3. Taxation_ad valorem_valuation_functional obsolescence
There was substantial evidence to support the Tax Commission's conclusion that a county
properly considered the effect of functional obsolescence when assessing two coal-fired electrical
generating plants. The circumstances of the taxpayer's business dealings do not impact the
current functionality of the two facilities.
4. Taxation_ad valorem--valuation of electrical generating facilities_inclusion of power
purchasing agreements
The proper market against which to judge the value of taxpayer's plants under the income
approach includes power purchasing agreements (PPAs). The income under the PPAs is an
essential part of the market for the taxpayer's property.
Parker, Poe, Adams & Bernstein, L.L.P., by Charles C. Meeker
and Rebecca B. Joyner, for plaintiff-appellee.
Maupin Taylor, P.A., by Charles B. Neely, Jr., Nancy S.

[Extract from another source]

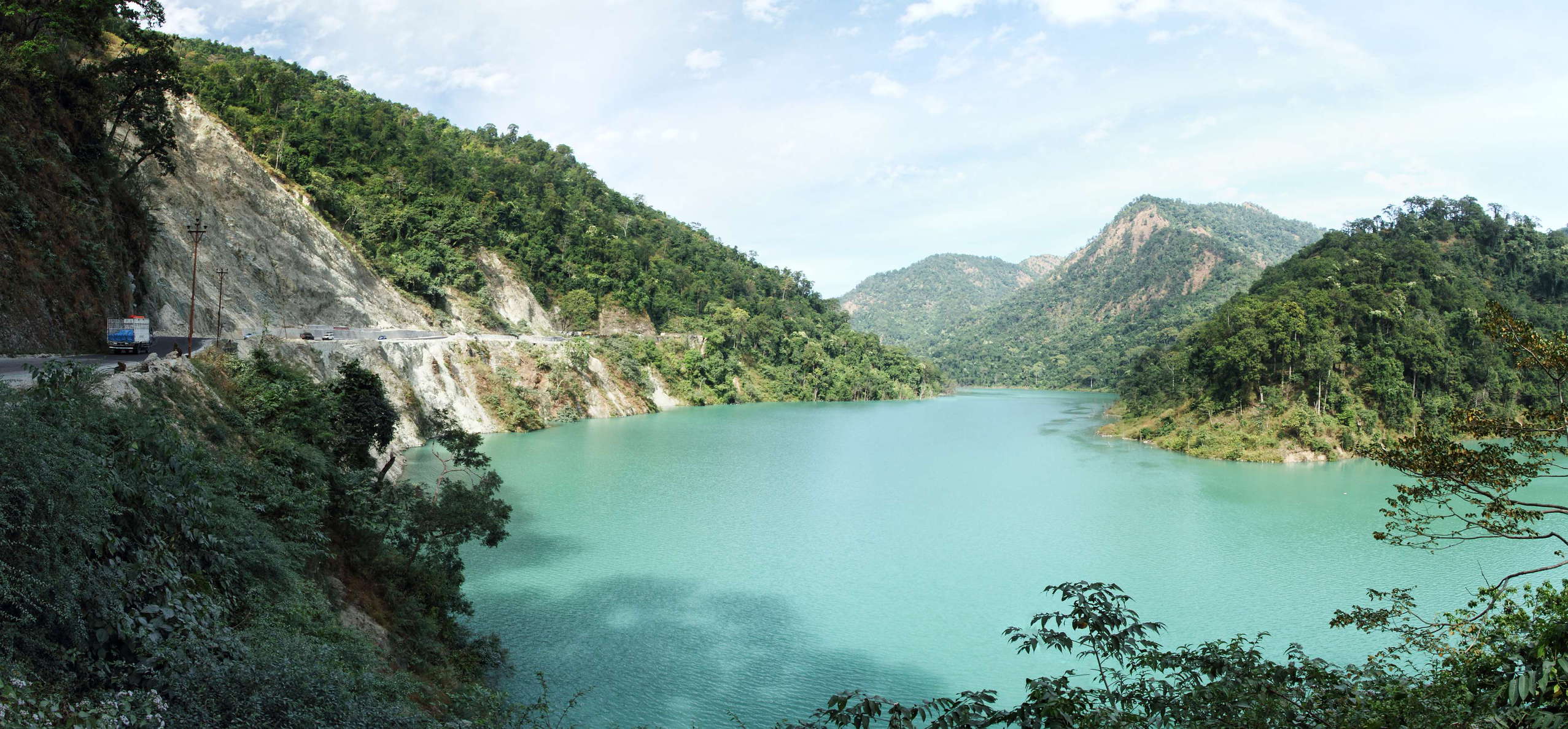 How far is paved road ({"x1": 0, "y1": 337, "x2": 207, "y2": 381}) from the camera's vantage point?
12086mm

Rendleman and Kevin W. Benedict and Hatch, Little & Bunn,
L.L.P., by Harold W. Berry, Jr. and A. Bartlett White, for
defendant-appellant.
CALABRIA, Judge.
Westmoreland-LG&E Partners (taxpayer) appeals the final
decision of the North Carolina Property Tax Commission
(Commission) confirming the ad valorem tax valuation by Halifax
County (appellee) of taxpayer's business personal property
(personal property). We affirm.
This appeal concerns the tax value of the Roanoke Valley Energy
Facility (ROVA), which consists of two coal-fired generating
facilities located in the Weldon Township of Halifax County, North
Carolina. The first facility, ROVA I, has the capacity to generate
165 net megawatts of electricity from pulverized coal. It
commenced commercial operations on 29 May 1994. The second
facility, ROVA II, has the capacity to generate 44 net megawatts of
electricity from pulverized coal, and it commenced commercial
operation on 1 June 1995.
ROVA I and II operate as wholesale generators and sell their
electricity to Virginia Power and Light Company (VEPCO) pursuant
to two separate Power Purchasing and Operating Agreements (PPAs)
entered into in January of 1989 and June of 1990. Under the PPAs,
taxpayer agreed to build and operate the subject facilities and to
supply VEPCO with electricity at a set price for twenty-five years
from the respective commercial operations date, with possible
extensions on each PPA of up to five years.
On 10 May 2001, the Halifax County Assessor implemented an
audit program to verify the accuracy of personal property listingsthat were filed by businesses for the 1996 through 2001 tax years.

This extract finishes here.